Stored data:
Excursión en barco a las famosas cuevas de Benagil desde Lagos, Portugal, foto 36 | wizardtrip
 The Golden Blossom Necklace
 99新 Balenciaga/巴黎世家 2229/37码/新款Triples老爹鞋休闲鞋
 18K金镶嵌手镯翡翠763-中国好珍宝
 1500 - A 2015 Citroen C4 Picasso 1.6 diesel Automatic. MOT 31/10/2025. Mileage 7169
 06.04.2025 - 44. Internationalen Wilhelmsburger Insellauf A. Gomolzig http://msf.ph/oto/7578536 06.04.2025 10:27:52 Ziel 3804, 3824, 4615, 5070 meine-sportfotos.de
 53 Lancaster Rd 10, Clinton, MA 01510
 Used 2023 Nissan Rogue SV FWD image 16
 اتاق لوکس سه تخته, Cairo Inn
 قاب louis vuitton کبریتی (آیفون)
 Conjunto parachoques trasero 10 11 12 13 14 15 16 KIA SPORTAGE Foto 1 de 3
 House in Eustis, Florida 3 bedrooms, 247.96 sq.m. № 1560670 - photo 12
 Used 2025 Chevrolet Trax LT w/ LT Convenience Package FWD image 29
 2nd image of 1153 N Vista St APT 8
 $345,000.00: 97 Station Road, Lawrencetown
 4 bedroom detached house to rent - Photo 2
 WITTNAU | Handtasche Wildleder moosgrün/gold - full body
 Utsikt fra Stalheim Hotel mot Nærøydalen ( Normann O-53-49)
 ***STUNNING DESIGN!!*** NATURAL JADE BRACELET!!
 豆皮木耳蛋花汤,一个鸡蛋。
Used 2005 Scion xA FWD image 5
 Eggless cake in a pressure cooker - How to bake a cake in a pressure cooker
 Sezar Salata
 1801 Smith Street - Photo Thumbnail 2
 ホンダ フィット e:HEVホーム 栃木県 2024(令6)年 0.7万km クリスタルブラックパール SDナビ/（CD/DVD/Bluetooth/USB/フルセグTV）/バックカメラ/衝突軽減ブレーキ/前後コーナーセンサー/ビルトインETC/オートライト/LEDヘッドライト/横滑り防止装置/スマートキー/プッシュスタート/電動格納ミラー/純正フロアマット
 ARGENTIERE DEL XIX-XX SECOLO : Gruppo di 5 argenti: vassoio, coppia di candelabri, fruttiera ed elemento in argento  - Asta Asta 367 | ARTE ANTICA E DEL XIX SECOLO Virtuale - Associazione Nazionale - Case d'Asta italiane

* [TASK GOAL]: Starting with the line that contains "Used 2025 Chevrolet", copy each line through the end of the data exactly, and leave out all earlier lines.

* [YOUR SOLUTION]:
 Used 2025 Chevrolet Trax LT w/ LT Convenience Package FWD image 29
 2nd image of 1153 N Vista St APT 8
 $345,000.00: 97 Station Road, Lawrencetown
 4 bedroom detached house to rent - Photo 2
 WITTNAU | Handtasche Wildleder moosgrün/gold - full body
 Utsikt fra Stalheim Hotel mot Nærøydalen ( Normann O-53-49)
 ***STUNNING DESIGN!!*** NATURAL JADE BRACELET!!
 豆皮木耳蛋花汤,一个鸡蛋。
Used 2005 Scion xA FWD image 5
 Eggless cake in a pressure cooker - How to bake a cake in a pressure cooker
 Sezar Salata
 1801 Smith Street - Photo Thumbnail 2
 ホンダ フィット e:HEVホーム 栃木県 2024(令6)年 0.7万km クリスタルブラックパール SDナビ/（CD/DVD/Bluetooth/USB/フルセグTV）/バックカメラ/衝突軽減ブレーキ/前後コーナーセンサー/ビルトインETC/オートライト/LEDヘッドライト/横滑り防止装置/スマートキー/プッシュスタート/電動格納ミラー/純正フロアマット
 ARGENTIERE DEL XIX-XX SECOLO : Gruppo di 5 argenti: vassoio, coppia di candelabri, fruttiera ed elemento in argento  - Asta Asta 367 | ARTE ANTICA E DEL XIX SECOLO Virtuale - Associazione Nazionale - Case d'Asta italiane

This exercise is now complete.